<u>ISSN:</u> <u>2278 – 0211 (Online)</u>

# Fast Parallel Linear Phase Fir Filter Implementation Based On Fast Fir Algorithm

## V.Logeswari

P.G Student/VLSI Design, Nandha Engineering College,Erode,Tamilnadu, India T.Manickam

Associate Professor, Dept. of ECE, Nandha Engineering College,Erode,Tamilnadu, India

## Dr.C.N.Marimuthu

DEAN, Dept. of ECE, Nandha Engineering College, Erode, Tamilnadu, India

## Abstract:

In recent days filters with large lengths are started to use. So parallel processing is essential at any cost. In this paper proposes new parallel FIR filter structures, which are beneficial to symmetric coefficients in terms of the hardware cost, under the condition that the number of taps is a multiple of 2 or 3. The proposed parallel FIR structures use symmetric property to reducing half the number of multipliers in sub filter section at the expense of additional adders in preprocessing and post processing blocks. Exchanging multipliers with adders is advantageous because adders weigh less than multipliers in terms of silicon area; in addition, the overhead from the additional adders in preprocessing and post processing blocks stay fixed and do not increase along with the length of the FIR filter, whereas the number of reduced multipliers increases along with the length of the FIR filter. Parallel FIR filter is essential, especially when the length of the filter is large. Overall, the proposed parallel FIR structures can lead to significant hardware savings for symmetric convolution in odd length from the existing FFA parallel FIR filter, particularly when the length of the filter is large.

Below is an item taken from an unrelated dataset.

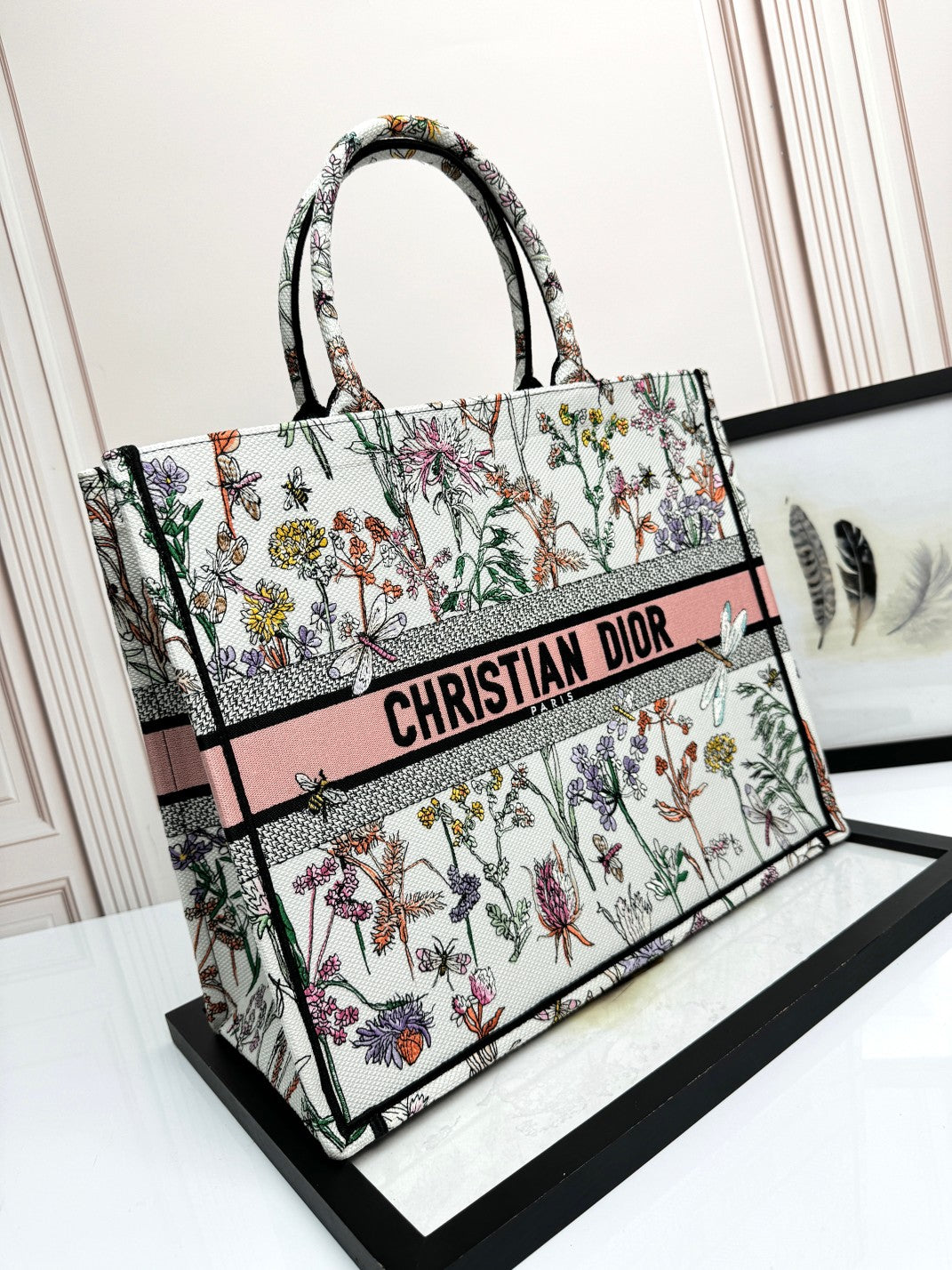 Christian Dior Large Book Tote Bag Floral Embroidered Canvas - White/Pink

*Key words:* Digital Signal Processing (DSP), fast FIR algorithm (FFAs), parallel FIR, VLSI.

## 1.Introduction

Digital signal processing (DSP) has many advantages over analog signal processing. Digital signals are more robust than analog signals with respect to temperature and process variations. The accuracy in digital representations can be controlled better by changing the word length of the signal. Furthermore, DSP techniques can cancel the noise and the interference while amplifying the signal. In contrast, both signal and noise are amplified in analog signal processing. Digital signals can be stored and recovered, Transmitted and received, processed and manipulated, all virtually without error. While analog signal processing is indispensible for systems that require extremely high frequencies such as the radio frequency transceiver in wireless communications, or extremely low area and low power such as micro machine sensors used to detect cracks and other stress-related material defects, many complex systems are realized digitally with high precision, high signal to noise ratio (SNR), repeatability, and flexibility. The finite-impulse response (FIR) filter has been and continues to be one of the fundamental processing elements in any digital signal processing (DSP) system. FIR filters are used in DSP applications that range from video and image processing to must be a low-power circuit, capable of operating at moderate frequencies. Parallel, or block, processing can be applied to digital FIR filters to either increase the effective throughput or reduce the power consumption of the original filter. Traditionally, the application of parallel processing to an FIR filter involves the replication of the hardware units that exist in the original filter.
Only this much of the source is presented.